• Activity:
Copy nothing but the text: repeat each entry exactly and drop the images.
START Data extracts
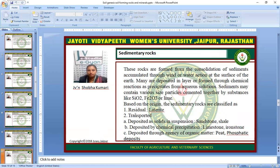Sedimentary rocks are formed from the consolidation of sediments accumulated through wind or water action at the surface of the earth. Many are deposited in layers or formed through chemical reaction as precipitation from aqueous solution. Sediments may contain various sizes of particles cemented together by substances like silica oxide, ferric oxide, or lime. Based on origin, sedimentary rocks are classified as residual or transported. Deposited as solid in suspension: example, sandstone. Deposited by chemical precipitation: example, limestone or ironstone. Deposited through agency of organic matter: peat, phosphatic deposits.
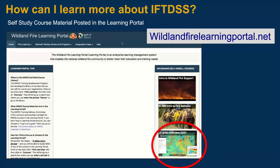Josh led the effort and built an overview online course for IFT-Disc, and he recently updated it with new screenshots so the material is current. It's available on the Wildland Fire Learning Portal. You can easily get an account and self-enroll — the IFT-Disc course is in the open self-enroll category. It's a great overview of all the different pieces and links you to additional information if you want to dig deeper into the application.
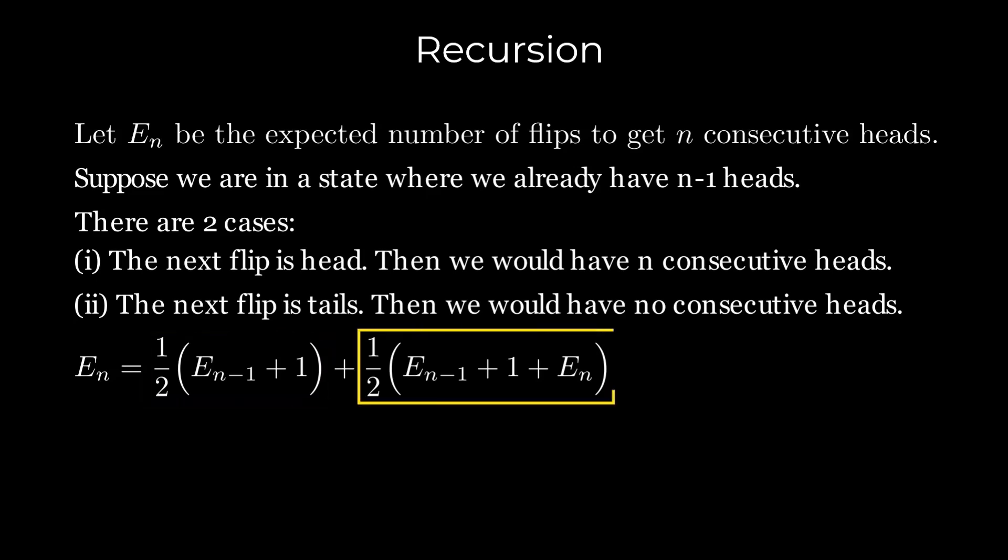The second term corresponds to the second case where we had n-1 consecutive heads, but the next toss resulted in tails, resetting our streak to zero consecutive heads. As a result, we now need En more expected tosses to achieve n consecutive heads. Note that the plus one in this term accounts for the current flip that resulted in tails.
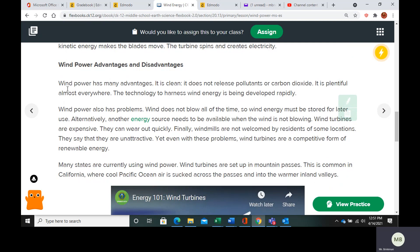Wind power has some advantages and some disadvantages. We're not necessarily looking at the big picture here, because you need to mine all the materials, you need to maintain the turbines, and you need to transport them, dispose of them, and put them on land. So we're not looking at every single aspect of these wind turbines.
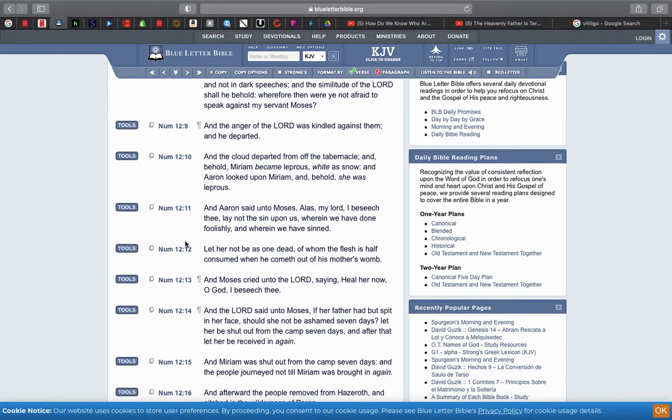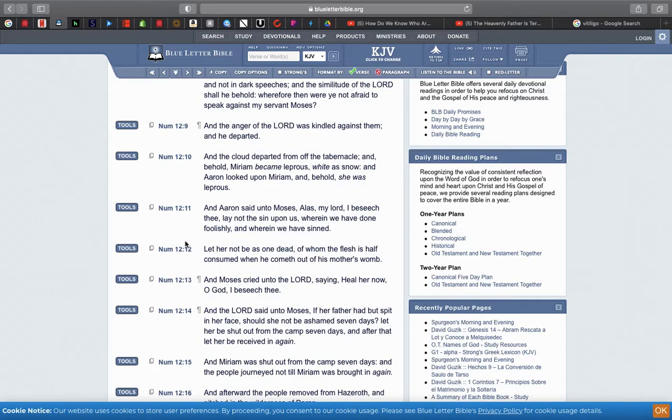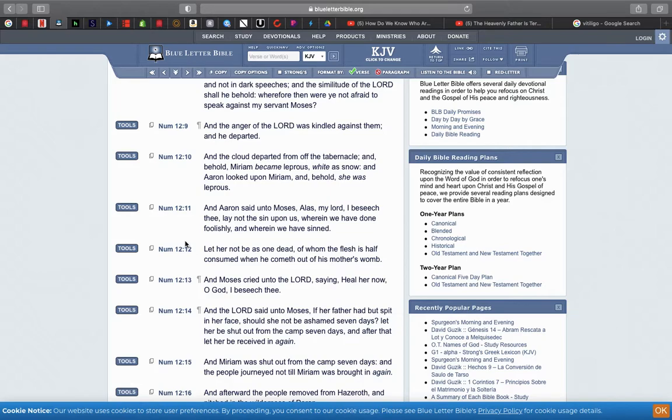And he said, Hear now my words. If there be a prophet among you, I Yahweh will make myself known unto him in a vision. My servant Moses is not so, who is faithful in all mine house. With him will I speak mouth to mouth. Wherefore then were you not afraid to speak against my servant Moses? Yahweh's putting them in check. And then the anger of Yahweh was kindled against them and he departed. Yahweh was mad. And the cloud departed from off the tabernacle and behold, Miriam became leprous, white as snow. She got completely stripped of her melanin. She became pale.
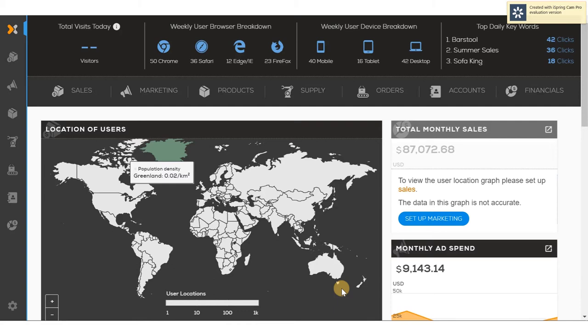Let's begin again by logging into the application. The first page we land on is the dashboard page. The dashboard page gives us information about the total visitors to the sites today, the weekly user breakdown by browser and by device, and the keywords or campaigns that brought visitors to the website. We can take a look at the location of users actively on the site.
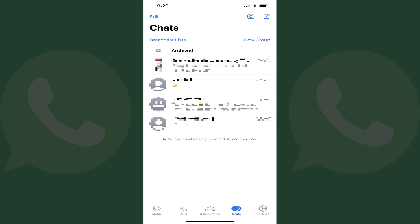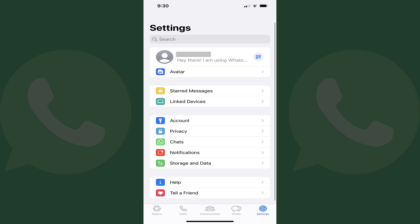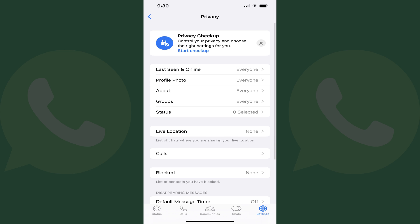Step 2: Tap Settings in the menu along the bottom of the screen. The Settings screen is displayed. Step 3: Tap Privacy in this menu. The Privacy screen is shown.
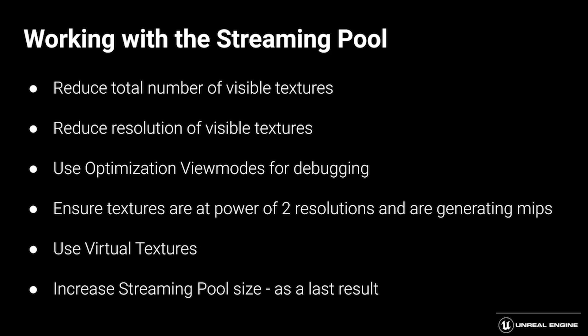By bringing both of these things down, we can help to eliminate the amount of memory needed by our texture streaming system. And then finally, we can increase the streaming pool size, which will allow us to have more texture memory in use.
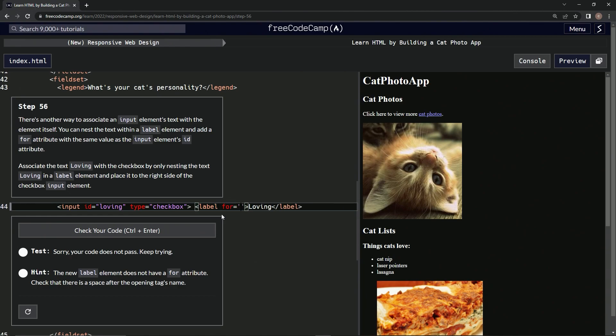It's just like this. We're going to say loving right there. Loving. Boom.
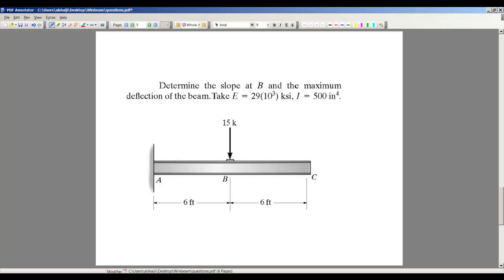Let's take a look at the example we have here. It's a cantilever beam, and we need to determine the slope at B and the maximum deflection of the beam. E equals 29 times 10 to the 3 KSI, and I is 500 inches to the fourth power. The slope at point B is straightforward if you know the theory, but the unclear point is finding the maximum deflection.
END Data extracts
• Answer to this task:
Sedimentary rocks are formed from the consolidation of sediments accumulated through wind or water action at the surface of the earth. Many are deposited in layers or formed through chemical reaction as precipitation from aqueous solution. Sediments may contain various sizes of particles cemented together by substances like silica oxide, ferric oxide, or lime. Based on origin, sedimentary rocks are classified as residual or transported. Deposited as solid in suspension: example, sandstone. Deposited by chemical precipitation: example, limestone or ironstone. Deposited through agency of organic matter: peat, phosphatic deposits.
Josh led the effort and built an overview online course for IFT-Disc, and he recently updated it with new screenshots so the material is current. It's available on the Wildland Fire Learning Portal. You can easily get an account and self-enroll — the IFT-Disc course is in the open self-enroll category. It's a great overview of all the different pieces and links you to additional information if you want to dig deeper into the application.
The second term corresponds to the second case where we had n-1 consecutive heads, but the next toss resulted in tails, resetting our streak to zero consecutive heads. As a result, we now need En more expected tosses to achieve n consecutive heads. Note that the plus one in this term accounts for the current flip that resulted in tails.
Wind power has some advantages and some disadvantages. We're not necessarily looking at the big picture here, because you need to mine all the materials, you need to maintain the turbines, and you need to transport them, dispose of them, and put them on land. So we're not looking at every single aspect of these wind turbines.
And he said, Hear now my words. If there be a prophet among you, I Yahweh will make myself known unto him in a vision. My servant Moses is not so, who is faithful in all mine house. With him will I speak mouth to mouth. Wherefore then were you not afraid to speak against my servant Moses? Yahweh's putting them in check. And then the anger of Yahweh was kindled against them and he departed. Yahweh was mad. And the cloud departed from off the tabernacle and behold, Miriam became leprous, white as snow. She got completely stripped of her melanin. She became pale.
Let's begin again by logging into the application. The first page we land on is the dashboard page. The dashboard page gives us information about the total visitors to the sites today, the weekly user breakdown by browser and by device, and the keywords or campaigns that brought visitors to the website. We can take a look at the location of users actively on the site.
Step 2: Tap Settings in the menu along the bottom of the screen. The Settings screen is displayed. Step 3: Tap Privacy in this menu. The Privacy screen is shown.
By bringing both of these things down, we can help to eliminate the amount of memory needed by our texture streaming system. And then finally, we can increase the streaming pool size, which will allow us to have more texture memory in use.
It's just like this. We're going to say loving right there. Loving. Boom.
Let's take a look at the example we have here. It's a cantilever beam, and we need to determine the slope at B and the maximum deflection of the beam. E equals 29 times 10 to the 3 KSI, and I is 500 inches to the fourth power. The slope at point B is straightforward if you know the theory, but the unclear point is finding the maximum deflection.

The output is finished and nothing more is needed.